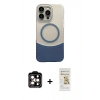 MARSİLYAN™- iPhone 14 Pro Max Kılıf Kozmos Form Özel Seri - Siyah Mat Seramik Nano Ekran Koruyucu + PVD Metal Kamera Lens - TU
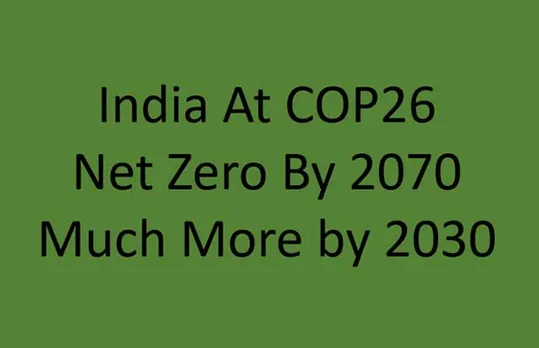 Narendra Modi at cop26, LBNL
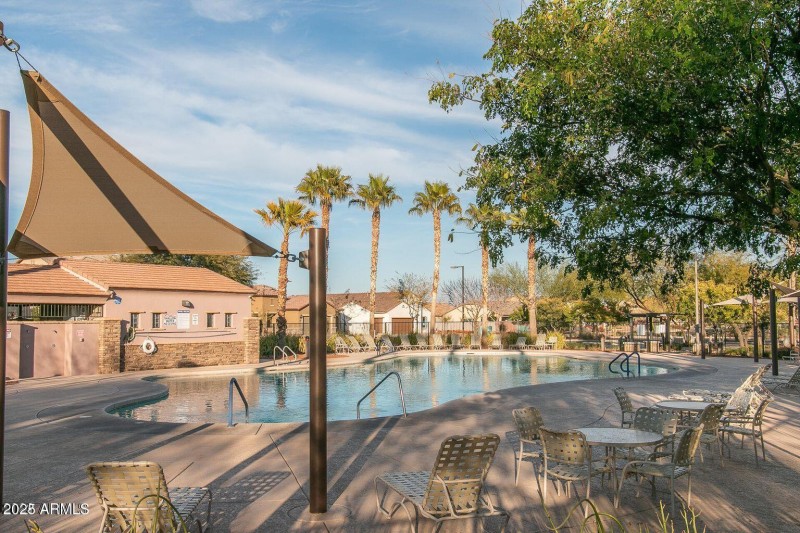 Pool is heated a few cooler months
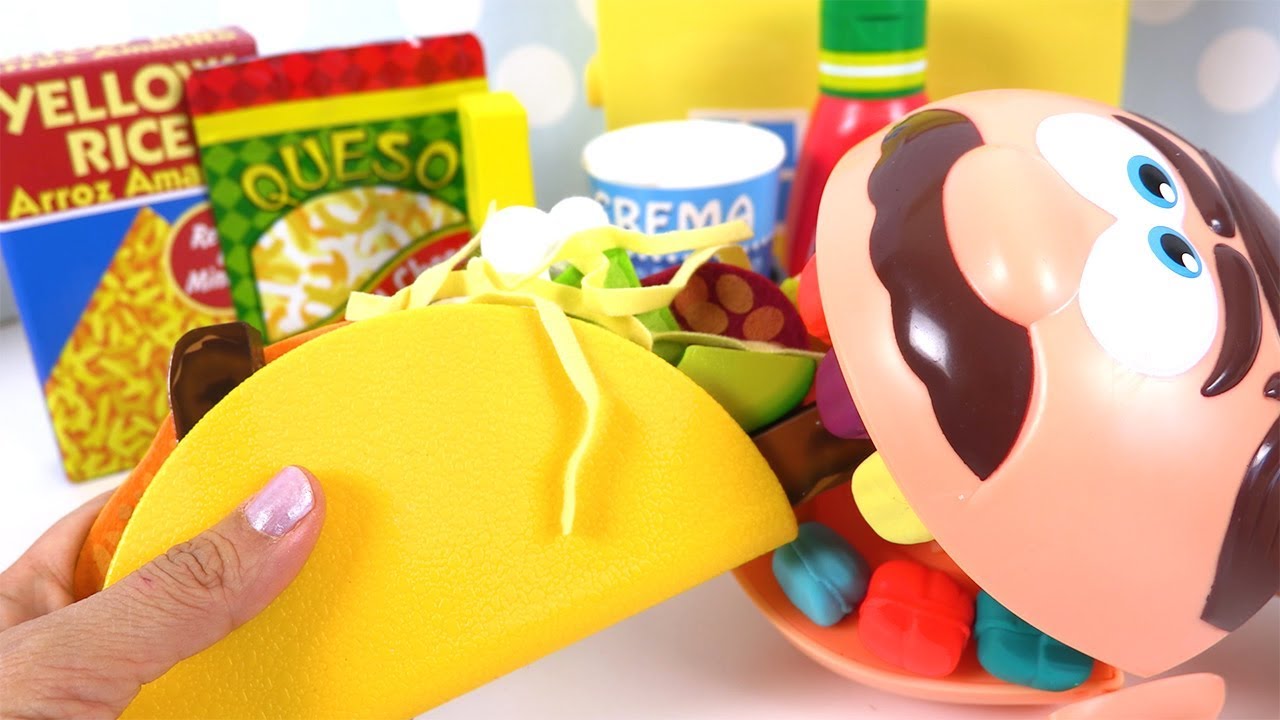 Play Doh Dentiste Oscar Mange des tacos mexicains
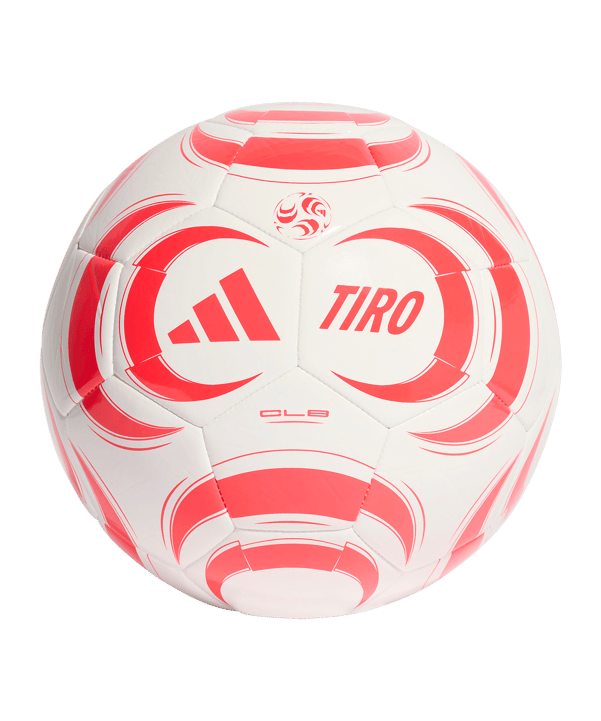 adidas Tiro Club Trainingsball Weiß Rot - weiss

============

*PROBLEM STATEMENT*
Return every entry unchanged and skip the pictures.

*EXERCISE RESPONSE*
 MARSİLYAN™- iPhone 14 Pro Max Kılıf Kozmos Form Özel Seri - Siyah Mat Seramik Nano Ekran Koruyucu + PVD Metal Kamera Lens - TU
 Narendra Modi at cop26, LBNL
 Pool is heated a few cooler months
 Play Doh Dentiste Oscar Mange des tacos mexicains
 adidas Tiro Club Trainingsball Weiß Rot - weiss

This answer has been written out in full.